#782 Musings Beyond the Bunker (Friday October 27)
Good morning,
LITERATURE
I was lucky enough to have built a friendship with Jack Hubbard, the president of USC during my tenure there. Jack was a man of the world—a scholar, an ambassador, a soldier, and a thinker.
Jack shared Ernest Hemmingway’s view that Huckleberry Finn represents arguably the greatest American novel and is the taproot from which all great American novels descend. That it confronted the issue of slavery, presented the entire story in the Southern vernacular, and presented its story through the eyes of a boy evolving before our eyes made it groundbreaking. Jack used to say he re-read Huck Finn every five years since he first picked it up in his youth. It was a different book each time, he would say.
The greatest moment in the book is when Huck realizes that Jim, the runaway slave and Huck’s erstwhile traveling companion, besides being at great risk, is a man—possessing all the rights that accrued to Huck, and that society is fundamentally corrupt. He is taught that helping a runaway slave will send him to hell. He writes a letter that will disclose Jim’s whereabouts to his owners. Yet, he has a change of heart and rips up the letter, concluding:
“All right, then, I’ll go to hell.”
And in that moment, both young Huck Finn, young Jack Hubbard and young Glenn Sonnenberg grew up and developed a greater understanding of the world and our place in the world than before that moment.
Books on the Wall states the power of this sentence better than I can:
“These seven words…are amongst the most memorable in American literature.
At this point in the novel, Huck Finn has just realized the Duke and Dauphin have betrayed the runaway slave Jim and sold him into captivity. Jim will be transported back to Miss Watson if Huck Finn stands idly by.
…Huck decides to tear it up and save Jim. Rather than listening to society’s warning that helping runaway slaves will lead to eternal damnation, Huck follows his gut instinct and makes one of the most important moral decisions of his life.”

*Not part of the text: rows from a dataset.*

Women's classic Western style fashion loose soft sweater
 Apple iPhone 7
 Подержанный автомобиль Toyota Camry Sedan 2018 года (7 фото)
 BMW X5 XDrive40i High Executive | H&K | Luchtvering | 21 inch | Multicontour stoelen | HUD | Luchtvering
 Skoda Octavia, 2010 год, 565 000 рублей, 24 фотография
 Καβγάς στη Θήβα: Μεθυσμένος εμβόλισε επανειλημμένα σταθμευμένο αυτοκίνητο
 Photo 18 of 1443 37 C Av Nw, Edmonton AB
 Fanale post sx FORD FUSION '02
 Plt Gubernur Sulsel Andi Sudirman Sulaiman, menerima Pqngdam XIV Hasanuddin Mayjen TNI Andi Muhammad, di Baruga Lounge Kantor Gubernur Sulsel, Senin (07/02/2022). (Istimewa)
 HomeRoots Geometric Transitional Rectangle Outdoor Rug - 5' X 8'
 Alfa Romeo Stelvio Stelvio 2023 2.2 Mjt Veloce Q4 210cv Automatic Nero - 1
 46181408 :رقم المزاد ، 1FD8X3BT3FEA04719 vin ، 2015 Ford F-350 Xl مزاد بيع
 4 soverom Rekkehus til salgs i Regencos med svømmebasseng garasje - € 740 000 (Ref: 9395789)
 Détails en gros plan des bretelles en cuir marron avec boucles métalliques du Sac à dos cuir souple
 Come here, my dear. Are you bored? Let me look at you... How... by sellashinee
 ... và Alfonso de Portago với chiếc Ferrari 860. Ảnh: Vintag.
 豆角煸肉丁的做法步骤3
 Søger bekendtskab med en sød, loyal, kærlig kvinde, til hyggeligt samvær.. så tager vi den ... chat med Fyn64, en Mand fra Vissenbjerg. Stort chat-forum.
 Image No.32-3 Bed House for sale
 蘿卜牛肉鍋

It is through books like this—currently banned in many school districts and public libraries in America—that great ideas are articulated to youth and social change can occur.
POETRY
It’s not Mother’s Day, but it always bears noting what we owe our parents for raising us, often with less recognition than they deserved. Thus, this Billy Collins classic:
THE LANYARD
The other day I was ricocheting slowly
off the blue walls of this room,
moving as if underwater from typewriter to piano,
from bookshelf to an envelope lying on the floor,
when I found myself in the L section of the dictionary
where my eyes fell upon the word lanyard.
No cookie nibbled by a French novelist
could send one into the past more suddenly—
a past where I sat at a workbench at a camp
by a deep Adirondack lake
learning how to braid long thin plastic strips
into a lanyard, a gift for my mother.
I had never seen anyone use a lanyard
or wear one, if that’s what you did with them,
but that did not keep me from crossing
strand over strand again and again
until I had made a boxy
red and white lanyard for my mother.
She gave me life and milk from her breasts,
and I gave her a lanyard.
She nursed me in many a sick room,
lifted spoons of medicine to my lips,
laid cold face-cloths on my forehead,
and then led me out into the airy light
and taught me to walk and swim,
and I, in turn, presented her with a lanyard.
Here are thousands of meals, she said,
and here is clothing and a good education.
And here is your lanyard, I replied,
which I made with a little help from a counselor.
Here is a breathing body and a beating heart,
strong legs, bones and teeth,
and two clear eyes to read the world, she whispered,
and here, I said, is the lanyard I made at camp.
And here, I wish to say to her now,
is a smaller gift—not the worn truth
that you can never repay your mother,
but the rueful admission that when she took
the two-tone lanyard from my hand,
I was as sure as a boy could be
that this useless, worthless thing I wove
out of boredom would be enough to make us even.